[Required action]: Begin at the line below that has "Фурнa за вграждане". Stop after the line that has "Soapbox 1 oz.", repeating each line exactly and leaving out the pictures.

[Records for the exercise]:
•••

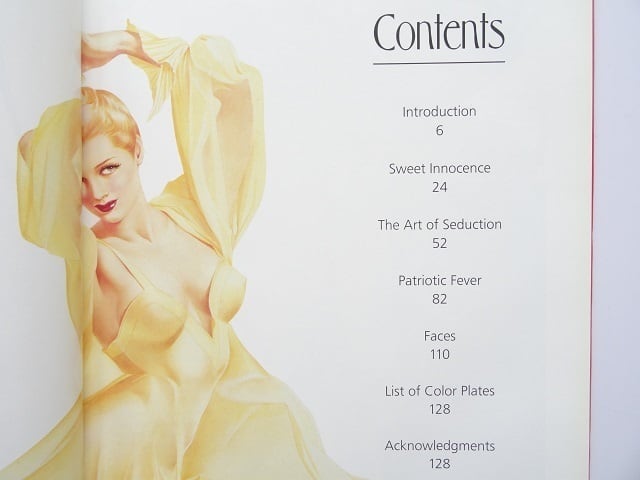 洋書◇アルベルト・バルガス作品集 ピンナップガール 画集 本 | 洋書堂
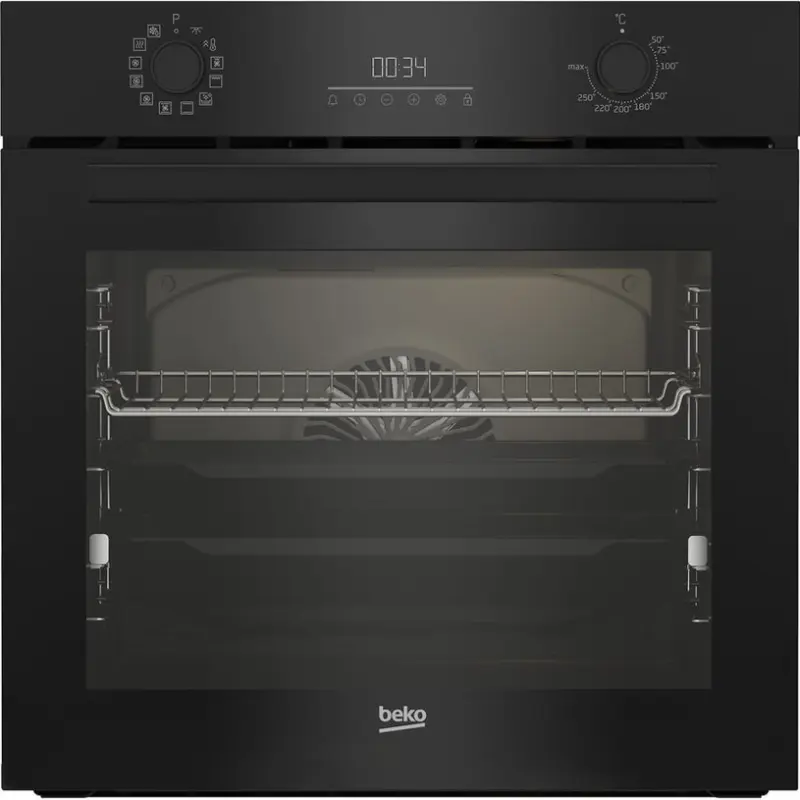 Фурнa за вграждане BEKO BBIR 17300 BCS 72 L, A, КАТАЛИТИЧНИ ПАНЕЛИ, ТЕЛЕСКОПИЧНА СИСТЕМА, ПЛАВНО ЗАТВАРЯНЕ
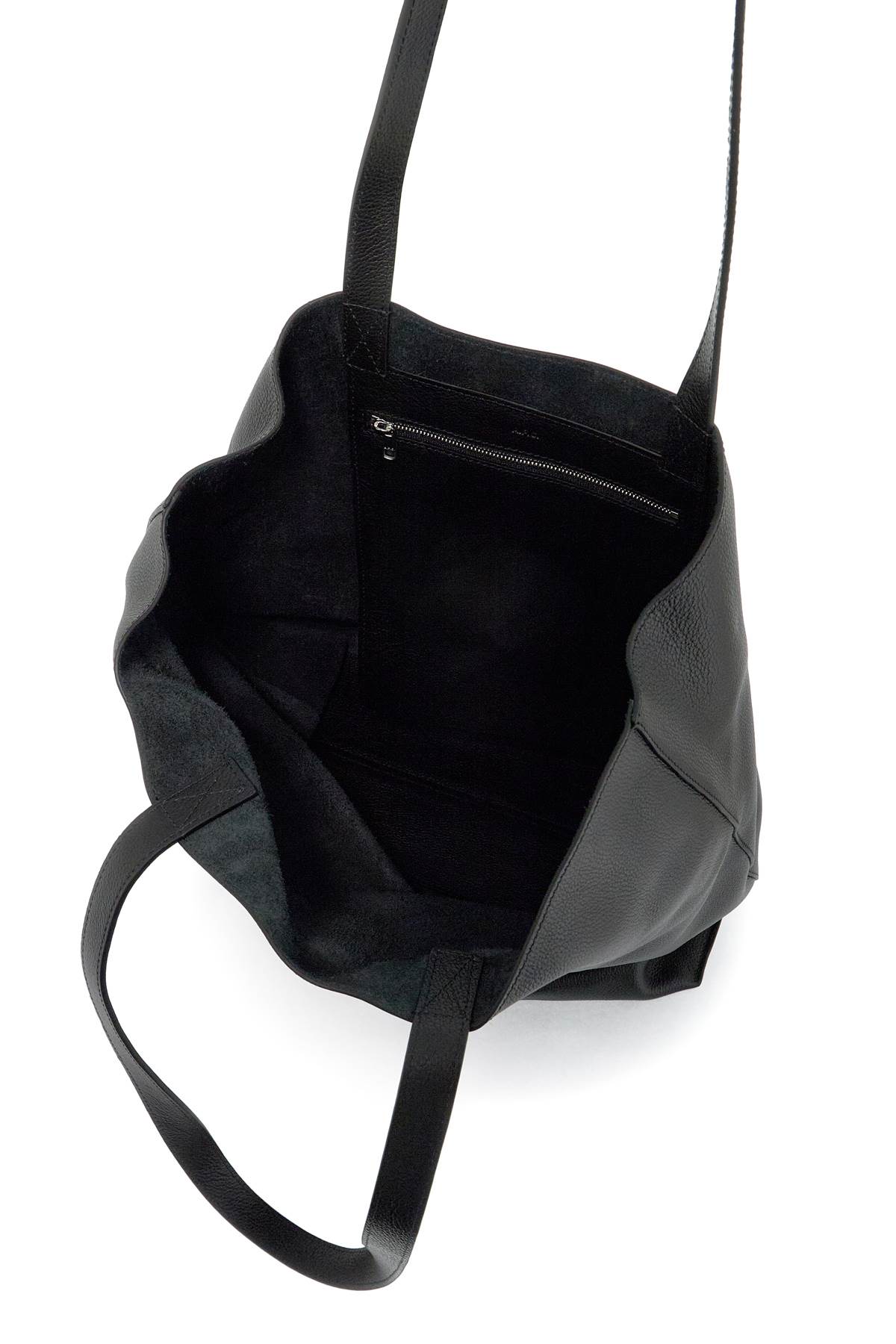 Shop Apc Maiko Cabas Shoulder Bag In Noir (black)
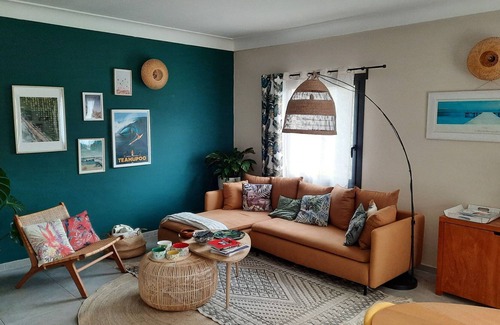 Rognac Villa | Villa with pool nestled in the pine forest.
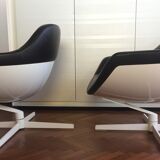 Set of 2 armchairs Auckland 277 designed by Jean Marie Massaud for Cassina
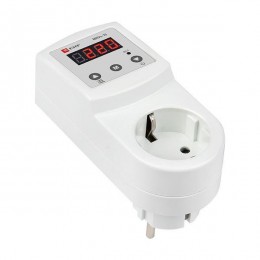 Реле напряжения цифровое розеточное MRVs-16 PROxima EKF MRVs-16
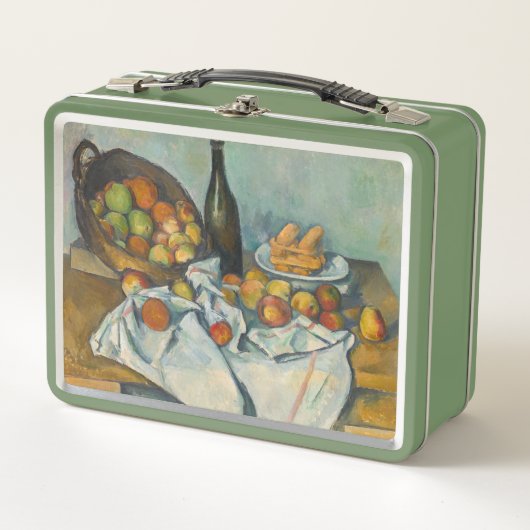 Paul Cezanne - De Mand Met Appels (Voorkant)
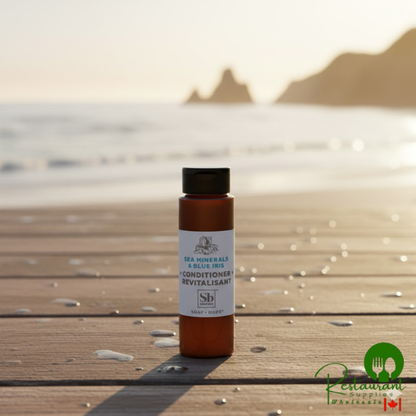 Soapbox 1 oz. Sea Minerals and Blue Iris Conditioner - 144/Case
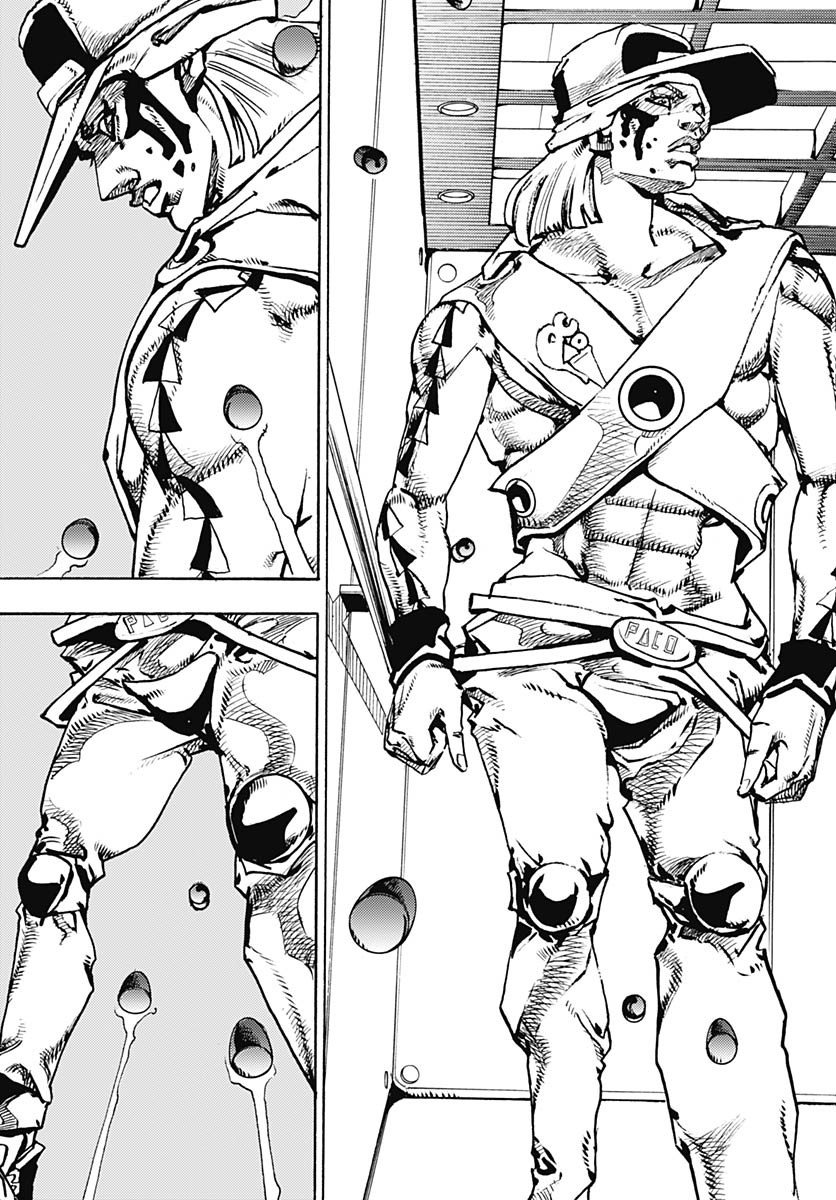JoJo no Kimyou na Bouken Part 9: The JOJOLands Chapter 18 33ページ
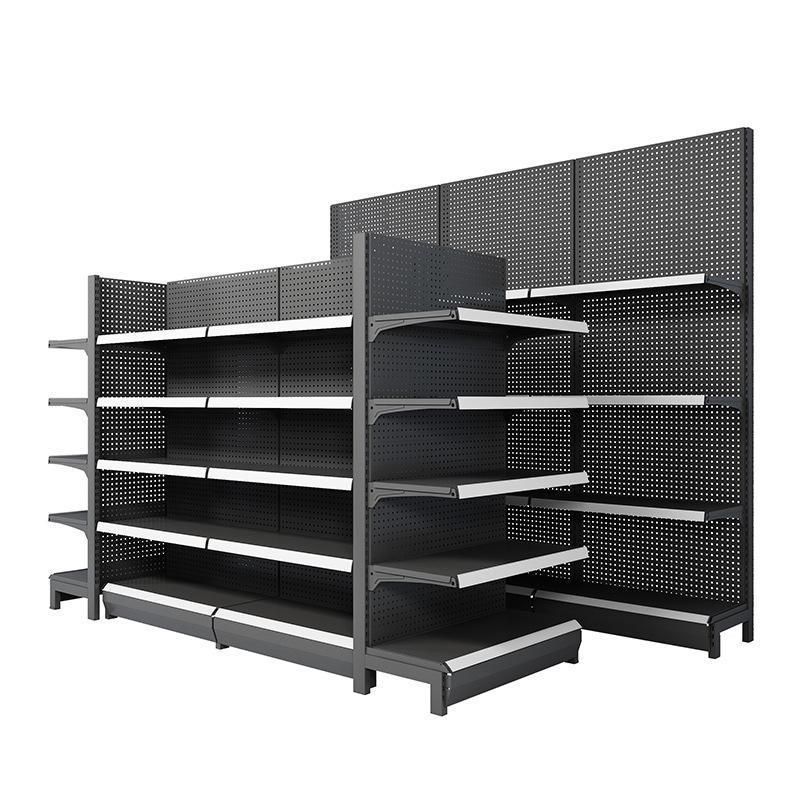 Custom Display Shelves Metal Light Shelves Supermarket Shelves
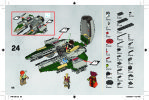 Istruzioni per la Costruzione - LEGO - 9494 - Anakin's Jedi Interceptor™: Page 68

•••

[Expected answer]:
 Фурнa за вграждане BEKO BBIR 17300 BCS 72 L, A, КАТАЛИТИЧНИ ПАНЕЛИ, ТЕЛЕСКОПИЧНА СИСТЕМА, ПЛАВНО ЗАТВАРЯНЕ
 Shop Apc Maiko Cabas Shoulder Bag In Noir (black)
 Rognac Villa | Villa with pool nestled in the pine forest.
 Set of 2 armchairs Auckland 277 designed by Jean Marie Massaud for Cassina
 Реле напряжения цифровое розеточное MRVs-16 PROxima EKF MRVs-16
 Paul Cezanne - De Mand Met Appels (Voorkant)
 Soapbox 1 oz. Sea Minerals and Blue Iris Conditioner - 144/Case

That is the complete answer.